It's reported that many housing trusts are appalled by this, as it means they will be forced to sell off (dirt cheap) housing assets that they've been successfully managing for decades
Sort of an odd way of putting that (well, a politically inspired one no doubt). Housing associations are in the business of providing housing "dirt cheap" in the form of rent. It's not as if it would make much sense for them to sell property at market. Also it's not a given that tenants who bought would not successfully manage them for decades either.
 
Sort of an odd way of putting that (well, a politically inspired one no doubt). Housing associations are in the business of providing housing "dirt cheap" in the form of rent. It's not as if it would make much sense for them to sell property at market.

HA rents can be set to upto 80% of market rates, which is hardly as dirt cheap as the sale discounts Cameron wants to bribe people with.

Also it's not a given that tenants who bought would not successfully manage them for decades either.

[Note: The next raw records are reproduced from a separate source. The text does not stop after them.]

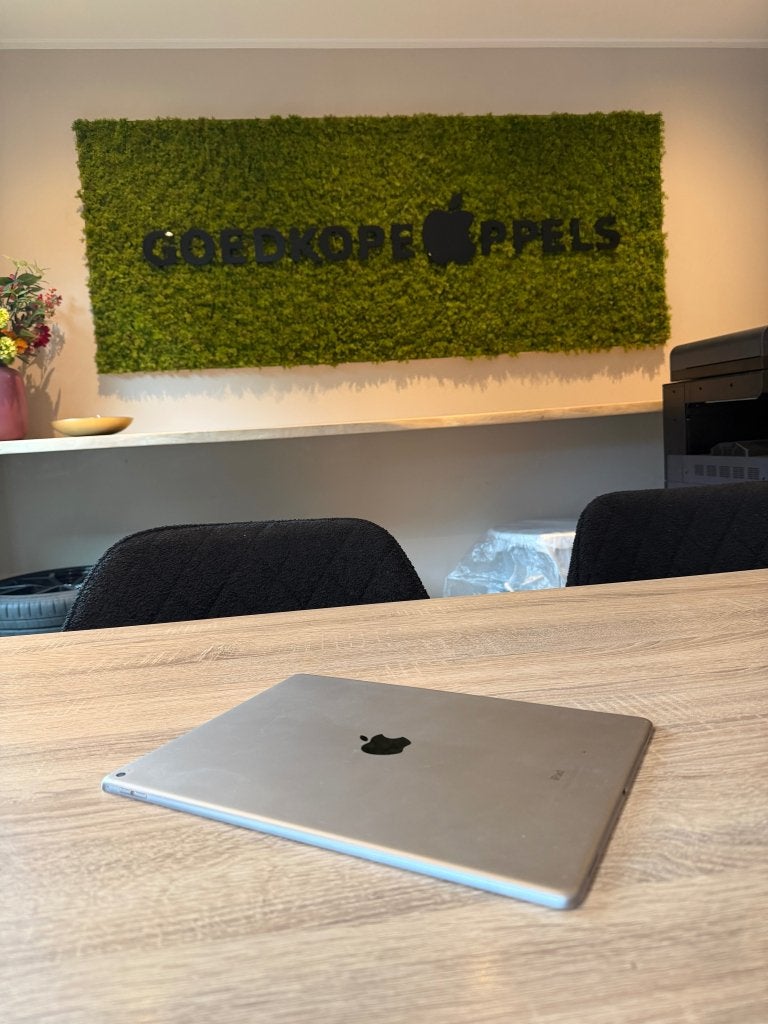 iPad Pro 12 9 inch 1e Gen 32GB Wifi, Computers en Software, Apple iPads, Ophalen, 32 GB, Apple, Cupertino California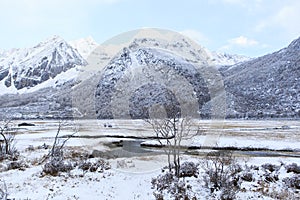 Amazing winter season at Yading Nature Reserve in Sichuan, China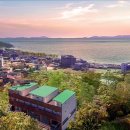 솔언덕펜션 네이버블로그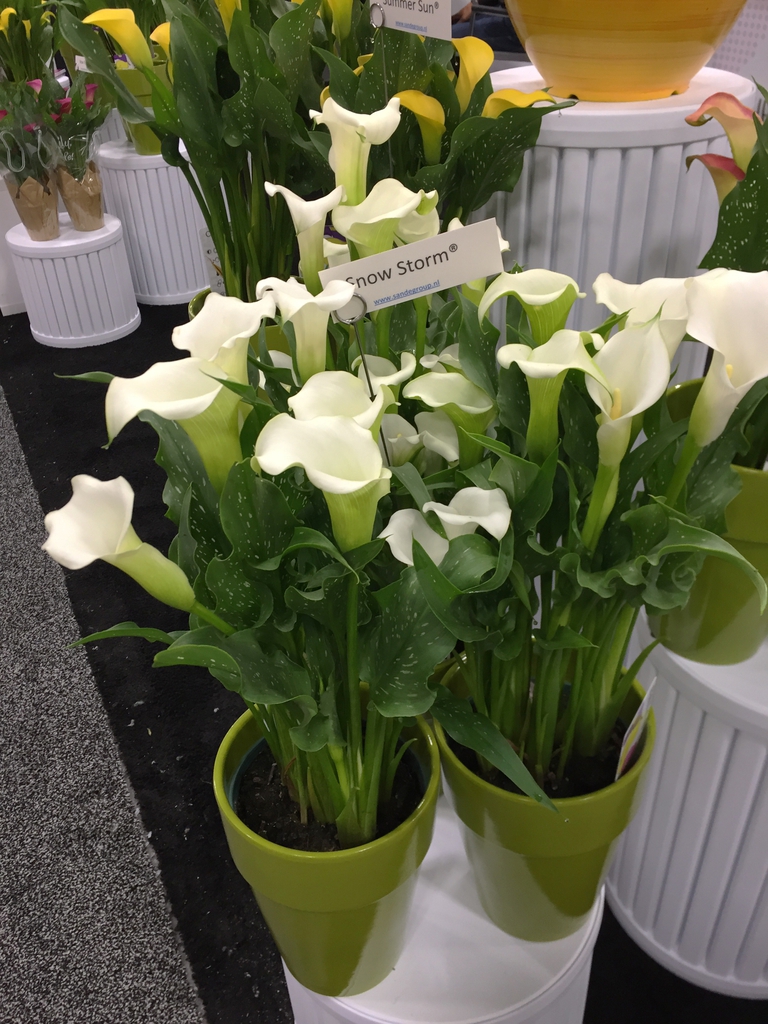 Zantedeschia - potted plant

Or flog them off as soon as possible for a profit, as was the case with so much ex-council housing.
 
This verb I knoweth not. Surely, it can't be good to build all over what's left of our green and pleasant land. That was my point.

Edgar Allan Poe?

You appear to have fallen for the myth of an overcrowded UK that is almost completely built over. Even the most generous figures only give the percentage of the UK that is urbanised as being around 10% (there is a strong argument to be made that in terms of actual built on land it is as low as 2%).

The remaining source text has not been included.